TASK OBJECTIVE => Quote exactly, and only, the lines from the one containing "Mondpyramide, Teotihuacán" through the end of the material below. Skip pictures.

DATA PROVIDED =>

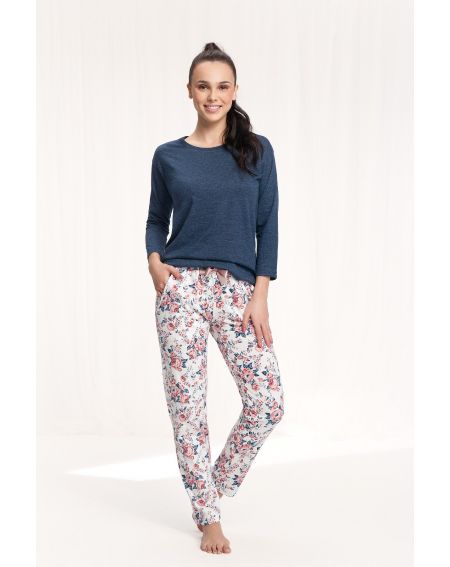 Pajamas Luna 645 length / r 3XL for women
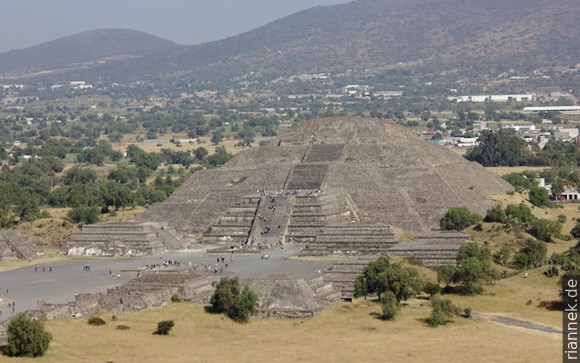 Mondpyramide, Teotihuacán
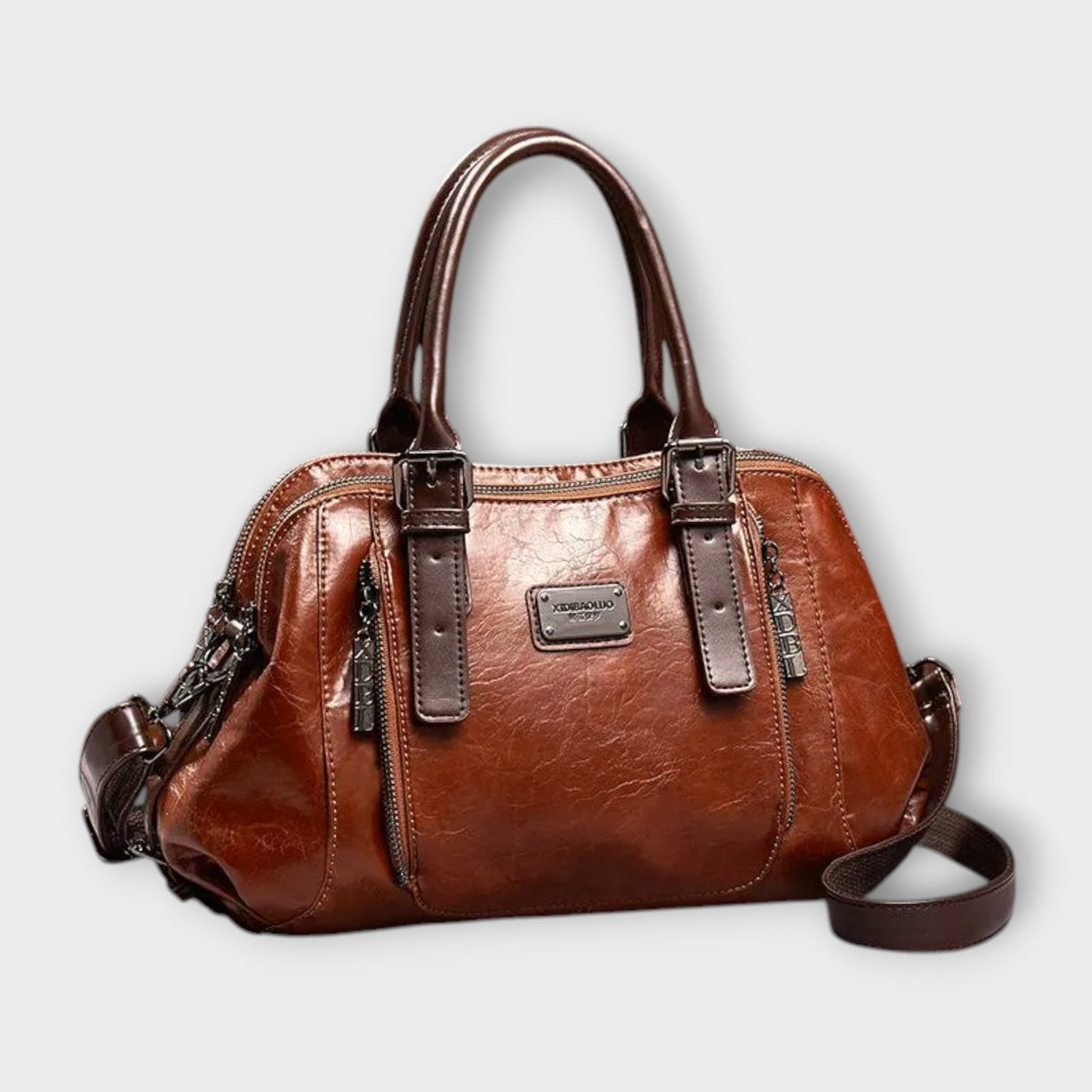 Lora. - Elegante Vintage Schoudertas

ANSWER AREA =>
 Mondpyramide, Teotihuacán
 Lora. - Elegante Vintage Schoudertas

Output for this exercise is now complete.